### Available data ###

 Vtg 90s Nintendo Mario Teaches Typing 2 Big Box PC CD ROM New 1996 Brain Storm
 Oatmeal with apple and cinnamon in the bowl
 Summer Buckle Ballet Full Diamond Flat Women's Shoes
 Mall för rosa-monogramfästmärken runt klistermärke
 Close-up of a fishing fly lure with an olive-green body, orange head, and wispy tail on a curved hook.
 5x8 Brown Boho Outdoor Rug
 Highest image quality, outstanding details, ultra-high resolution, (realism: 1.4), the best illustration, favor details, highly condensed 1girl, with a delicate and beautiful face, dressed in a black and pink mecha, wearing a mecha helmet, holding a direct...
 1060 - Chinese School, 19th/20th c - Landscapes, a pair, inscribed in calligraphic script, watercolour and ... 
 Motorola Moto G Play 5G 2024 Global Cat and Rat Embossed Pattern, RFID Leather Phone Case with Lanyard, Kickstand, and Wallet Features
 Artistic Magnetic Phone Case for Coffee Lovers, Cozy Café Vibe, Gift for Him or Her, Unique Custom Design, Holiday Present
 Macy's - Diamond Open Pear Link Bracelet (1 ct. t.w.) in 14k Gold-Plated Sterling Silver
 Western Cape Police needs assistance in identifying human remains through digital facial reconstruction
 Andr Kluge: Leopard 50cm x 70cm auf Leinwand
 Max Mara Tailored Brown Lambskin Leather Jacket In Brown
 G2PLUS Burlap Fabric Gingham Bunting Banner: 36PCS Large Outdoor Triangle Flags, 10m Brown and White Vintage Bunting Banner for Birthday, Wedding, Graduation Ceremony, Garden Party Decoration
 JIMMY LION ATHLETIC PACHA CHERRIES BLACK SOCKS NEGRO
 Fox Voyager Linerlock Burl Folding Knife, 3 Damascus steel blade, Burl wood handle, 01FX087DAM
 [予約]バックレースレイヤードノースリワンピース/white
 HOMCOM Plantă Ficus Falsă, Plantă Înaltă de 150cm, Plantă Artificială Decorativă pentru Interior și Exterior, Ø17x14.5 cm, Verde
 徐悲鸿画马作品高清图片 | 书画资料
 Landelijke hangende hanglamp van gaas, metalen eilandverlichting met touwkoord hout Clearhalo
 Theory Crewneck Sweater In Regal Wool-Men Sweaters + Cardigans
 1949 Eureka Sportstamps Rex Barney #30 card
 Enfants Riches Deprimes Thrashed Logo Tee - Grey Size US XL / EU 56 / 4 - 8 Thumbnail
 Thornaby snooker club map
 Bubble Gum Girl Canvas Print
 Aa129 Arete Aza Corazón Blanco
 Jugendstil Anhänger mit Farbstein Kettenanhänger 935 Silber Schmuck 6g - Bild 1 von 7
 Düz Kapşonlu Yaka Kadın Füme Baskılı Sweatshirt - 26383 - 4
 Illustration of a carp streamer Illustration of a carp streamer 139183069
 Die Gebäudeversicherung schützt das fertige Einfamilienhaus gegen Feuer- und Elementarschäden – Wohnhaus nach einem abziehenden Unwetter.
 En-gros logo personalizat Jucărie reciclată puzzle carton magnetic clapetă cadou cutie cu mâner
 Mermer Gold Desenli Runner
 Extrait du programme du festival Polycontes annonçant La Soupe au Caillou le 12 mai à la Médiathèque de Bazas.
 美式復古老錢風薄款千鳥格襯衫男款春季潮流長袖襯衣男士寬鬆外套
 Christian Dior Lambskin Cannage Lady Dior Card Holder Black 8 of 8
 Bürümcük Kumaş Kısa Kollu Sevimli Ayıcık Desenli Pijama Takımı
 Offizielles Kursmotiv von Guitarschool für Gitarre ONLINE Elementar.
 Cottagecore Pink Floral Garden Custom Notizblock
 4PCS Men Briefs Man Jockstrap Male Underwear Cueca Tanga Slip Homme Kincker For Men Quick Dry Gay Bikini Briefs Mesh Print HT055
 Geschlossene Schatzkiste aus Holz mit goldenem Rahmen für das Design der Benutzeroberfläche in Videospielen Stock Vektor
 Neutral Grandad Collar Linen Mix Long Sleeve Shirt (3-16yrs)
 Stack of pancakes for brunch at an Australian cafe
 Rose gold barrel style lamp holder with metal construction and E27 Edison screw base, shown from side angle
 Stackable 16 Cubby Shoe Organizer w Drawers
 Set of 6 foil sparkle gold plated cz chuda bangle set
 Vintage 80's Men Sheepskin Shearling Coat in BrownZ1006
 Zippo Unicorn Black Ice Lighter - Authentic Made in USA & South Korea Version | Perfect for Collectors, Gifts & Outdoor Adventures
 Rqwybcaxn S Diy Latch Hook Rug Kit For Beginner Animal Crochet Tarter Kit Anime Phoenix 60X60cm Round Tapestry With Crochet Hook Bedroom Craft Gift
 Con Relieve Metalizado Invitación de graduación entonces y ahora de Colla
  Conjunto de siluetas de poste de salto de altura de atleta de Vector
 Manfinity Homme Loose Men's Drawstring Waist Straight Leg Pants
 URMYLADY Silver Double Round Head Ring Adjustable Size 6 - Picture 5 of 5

###

Output the lines above between the one holding "Close-up of a" and the one holding "Die Gebäudeversicherung schützt", inclusive, with nothing before or after them.

 Close-up of a fishing fly lure with an olive-green body, orange head, and wispy tail on a curved hook.
 5x8 Brown Boho Outdoor Rug
 Highest image quality, outstanding details, ultra-high resolution, (realism: 1.4), the best illustration, favor details, highly condensed 1girl, with a delicate and beautiful face, dressed in a black and pink mecha, wearing a mecha helmet, holding a direct...
 1060 - Chinese School, 19th/20th c - Landscapes, a pair, inscribed in calligraphic script, watercolour and ... 
 Motorola Moto G Play 5G 2024 Global Cat and Rat Embossed Pattern, RFID Leather Phone Case with Lanyard, Kickstand, and Wallet Features
 Artistic Magnetic Phone Case for Coffee Lovers, Cozy Café Vibe, Gift for Him or Her, Unique Custom Design, Holiday Present
 Macy's - Diamond Open Pear Link Bracelet (1 ct. t.w.) in 14k Gold-Plated Sterling Silver
 Western Cape Police needs assistance in identifying human remains through digital facial reconstruction
 Andr Kluge: Leopard 50cm x 70cm auf Leinwand
 Max Mara Tailored Brown Lambskin Leather Jacket In Brown
 G2PLUS Burlap Fabric Gingham Bunting Banner: 36PCS Large Outdoor Triangle Flags, 10m Brown and White Vintage Bunting Banner for Birthday, Wedding, Graduation Ceremony, Garden Party Decoration
 JIMMY LION ATHLETIC PACHA CHERRIES BLACK SOCKS NEGRO
 Fox Voyager Linerlock Burl Folding Knife, 3 Damascus steel blade, Burl wood handle, 01FX087DAM
 [予約]バックレースレイヤードノースリワンピース/white
 HOMCOM Plantă Ficus Falsă, Plantă Înaltă de 150cm, Plantă Artificială Decorativă pentru Interior și Exterior, Ø17x14.5 cm, Verde
 徐悲鸿画马作品高清图片 | 书画资料
 Landelijke hangende hanglamp van gaas, metalen eilandverlichting met touwkoord hout Clearhalo
 Theory Crewneck Sweater In Regal Wool-Men Sweaters + Cardigans
 1949 Eureka Sportstamps Rex Barney #30 card
 Enfants Riches Deprimes Thrashed Logo Tee - Grey Size US XL / EU 56 / 4 - 8 Thumbnail
 Thornaby snooker club map
 Bubble Gum Girl Canvas Print
 Aa129 Arete Aza Corazón Blanco
 Jugendstil Anhänger mit Farbstein Kettenanhänger 935 Silber Schmuck 6g - Bild 1 von 7
 Düz Kapşonlu Yaka Kadın Füme Baskılı Sweatshirt - 26383 - 4
 Illustration of a carp streamer Illustration of a carp streamer 139183069
 Die Gebäudeversicherung schützt das fertige Einfamilienhaus gegen Feuer- und Elementarschäden – Wohnhaus nach einem abziehenden Unwetter.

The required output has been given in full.